Whatever the precise details of his career, Francis must have had a serious interest in navigation, or he would not have been in possession of The Fierie Sea-Columne. Moreover, the book bears the initials 'F P' on the spine, indicating that the volume was personally owned and used by him. The most likely explanation is that the newly published book was given to Francis, by his father, when he went to sea in 1634.

It is further worth noting that the condition of the Wells volume indicates considerable use in parts, and that can only have been during Francis's lifetime. Moreover, it must have been during his naval career, since the wear is hardly likely to have occurred while the book reposed in his library at Wells. There is no reason to doubt that the present leather binding is original. It was presumably Francis or his father who caused it to be bound and initialled. The covers show signs of rough handling and both the brass clasps are broken (with parts missing); and it has already been observed that some of the pages and maps (including that of the Channel Islands) display evidence of frequent use.

The most likely scenario is that when Francis left Oxford in 1634 he acquired a copy of Jacob Celom's recently published manual and took it to sea with him. Almost inevitably, the book must have travelled to Jersey, where his family was still much involved in defence and politics.

Although several generations of the Poulets were heavily committed to the service of the king, and thereby to the Channel Islands, Francis evidently decided not to join them, but to return to Somerset, from whence the family hailed.

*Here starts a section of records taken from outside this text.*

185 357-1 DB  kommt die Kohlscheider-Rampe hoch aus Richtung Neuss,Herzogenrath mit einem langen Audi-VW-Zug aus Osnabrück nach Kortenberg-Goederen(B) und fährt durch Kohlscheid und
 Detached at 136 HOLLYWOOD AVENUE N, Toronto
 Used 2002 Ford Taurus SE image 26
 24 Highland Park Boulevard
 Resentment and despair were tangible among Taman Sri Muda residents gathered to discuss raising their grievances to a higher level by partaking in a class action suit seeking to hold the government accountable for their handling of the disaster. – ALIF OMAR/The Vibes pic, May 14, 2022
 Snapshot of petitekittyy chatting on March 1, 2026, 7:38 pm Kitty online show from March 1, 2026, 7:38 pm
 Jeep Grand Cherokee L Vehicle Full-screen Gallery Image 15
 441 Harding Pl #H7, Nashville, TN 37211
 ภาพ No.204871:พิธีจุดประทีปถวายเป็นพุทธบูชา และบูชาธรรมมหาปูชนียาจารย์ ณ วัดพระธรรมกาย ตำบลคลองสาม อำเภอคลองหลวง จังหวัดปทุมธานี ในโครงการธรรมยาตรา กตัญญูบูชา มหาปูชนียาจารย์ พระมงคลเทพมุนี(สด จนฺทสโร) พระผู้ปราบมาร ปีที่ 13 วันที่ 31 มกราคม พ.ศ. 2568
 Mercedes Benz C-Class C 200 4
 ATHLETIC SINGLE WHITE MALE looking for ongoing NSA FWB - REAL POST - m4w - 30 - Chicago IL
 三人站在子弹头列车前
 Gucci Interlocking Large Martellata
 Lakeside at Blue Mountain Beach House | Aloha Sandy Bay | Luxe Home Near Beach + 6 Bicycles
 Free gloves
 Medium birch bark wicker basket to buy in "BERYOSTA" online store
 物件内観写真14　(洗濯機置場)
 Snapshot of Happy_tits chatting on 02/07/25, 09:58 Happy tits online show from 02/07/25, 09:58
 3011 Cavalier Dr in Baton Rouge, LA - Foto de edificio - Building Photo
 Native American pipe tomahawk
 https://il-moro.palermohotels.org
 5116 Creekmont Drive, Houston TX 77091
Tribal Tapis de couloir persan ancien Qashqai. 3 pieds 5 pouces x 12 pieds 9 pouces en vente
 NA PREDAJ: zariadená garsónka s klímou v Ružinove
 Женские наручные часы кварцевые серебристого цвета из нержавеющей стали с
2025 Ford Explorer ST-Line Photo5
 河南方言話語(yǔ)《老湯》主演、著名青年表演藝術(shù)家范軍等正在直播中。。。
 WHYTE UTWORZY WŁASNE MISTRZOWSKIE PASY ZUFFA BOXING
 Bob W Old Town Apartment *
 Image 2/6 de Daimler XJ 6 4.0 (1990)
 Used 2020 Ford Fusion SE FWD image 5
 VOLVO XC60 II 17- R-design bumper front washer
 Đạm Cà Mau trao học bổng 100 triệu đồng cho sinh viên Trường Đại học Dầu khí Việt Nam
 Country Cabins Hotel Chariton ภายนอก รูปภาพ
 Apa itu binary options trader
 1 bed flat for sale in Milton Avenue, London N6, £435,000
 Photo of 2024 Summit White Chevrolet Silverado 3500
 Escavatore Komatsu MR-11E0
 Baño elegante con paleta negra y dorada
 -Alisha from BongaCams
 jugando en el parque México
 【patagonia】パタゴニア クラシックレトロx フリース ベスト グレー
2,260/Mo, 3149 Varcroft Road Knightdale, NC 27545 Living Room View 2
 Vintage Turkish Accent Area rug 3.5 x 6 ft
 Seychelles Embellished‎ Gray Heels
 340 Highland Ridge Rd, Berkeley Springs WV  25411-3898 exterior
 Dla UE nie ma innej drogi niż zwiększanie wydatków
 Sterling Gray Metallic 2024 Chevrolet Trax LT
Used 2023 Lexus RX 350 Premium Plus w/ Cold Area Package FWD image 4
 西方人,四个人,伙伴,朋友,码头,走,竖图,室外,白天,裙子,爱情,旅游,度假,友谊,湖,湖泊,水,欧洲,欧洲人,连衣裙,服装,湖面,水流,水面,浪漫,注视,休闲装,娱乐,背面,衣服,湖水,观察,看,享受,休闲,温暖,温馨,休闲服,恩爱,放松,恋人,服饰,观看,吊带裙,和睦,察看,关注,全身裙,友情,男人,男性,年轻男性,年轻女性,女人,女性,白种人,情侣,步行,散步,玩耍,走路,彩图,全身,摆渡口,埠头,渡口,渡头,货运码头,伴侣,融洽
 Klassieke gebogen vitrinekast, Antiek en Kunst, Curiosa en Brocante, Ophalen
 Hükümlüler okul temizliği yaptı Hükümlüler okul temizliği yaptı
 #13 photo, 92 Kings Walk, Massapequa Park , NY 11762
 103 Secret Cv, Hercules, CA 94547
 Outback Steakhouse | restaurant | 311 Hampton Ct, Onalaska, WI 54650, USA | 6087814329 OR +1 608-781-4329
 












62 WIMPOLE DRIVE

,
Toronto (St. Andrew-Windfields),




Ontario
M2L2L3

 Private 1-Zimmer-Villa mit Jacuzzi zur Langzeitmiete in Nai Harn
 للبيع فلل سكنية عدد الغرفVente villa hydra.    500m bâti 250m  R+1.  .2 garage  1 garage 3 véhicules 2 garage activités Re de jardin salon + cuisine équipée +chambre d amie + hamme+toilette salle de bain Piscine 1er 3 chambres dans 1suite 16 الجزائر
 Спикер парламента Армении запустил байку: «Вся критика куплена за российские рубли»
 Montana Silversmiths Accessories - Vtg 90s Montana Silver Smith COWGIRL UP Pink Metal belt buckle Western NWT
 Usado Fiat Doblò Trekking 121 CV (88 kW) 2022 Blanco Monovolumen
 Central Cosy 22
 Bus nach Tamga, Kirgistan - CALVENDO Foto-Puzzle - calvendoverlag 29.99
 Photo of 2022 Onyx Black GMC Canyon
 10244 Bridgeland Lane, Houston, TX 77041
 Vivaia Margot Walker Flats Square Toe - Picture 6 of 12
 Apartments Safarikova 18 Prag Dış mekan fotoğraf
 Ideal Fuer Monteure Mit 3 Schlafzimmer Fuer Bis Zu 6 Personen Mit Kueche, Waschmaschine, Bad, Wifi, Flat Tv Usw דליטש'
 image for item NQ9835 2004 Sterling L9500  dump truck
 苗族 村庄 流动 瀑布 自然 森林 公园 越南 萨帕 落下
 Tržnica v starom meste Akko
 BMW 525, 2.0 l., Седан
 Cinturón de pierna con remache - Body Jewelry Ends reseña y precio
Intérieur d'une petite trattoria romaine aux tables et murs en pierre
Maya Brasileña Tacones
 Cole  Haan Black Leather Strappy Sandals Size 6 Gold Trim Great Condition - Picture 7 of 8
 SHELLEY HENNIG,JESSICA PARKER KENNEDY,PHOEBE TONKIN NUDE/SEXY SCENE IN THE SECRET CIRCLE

The ancestral seat was at Hinton St George, which descended to his brother John. Francis married Catherine Creyghtone, daughter of Doctor Robert Creyghtone, who was initially Dean of Wells and later Bishop of Bath and Wells. Francis and Catherine Poulet lived in the shadow of the cathedral, in a former canonical house at 19 The Liberty. They took up residence in or shortly before 1670. The Poulets were buried together in the cathedral, beneath a Purbeck marble slab in Corpus Christi Chapel. Francis died on 26 January 1688, and Catherine on 17 October 1694.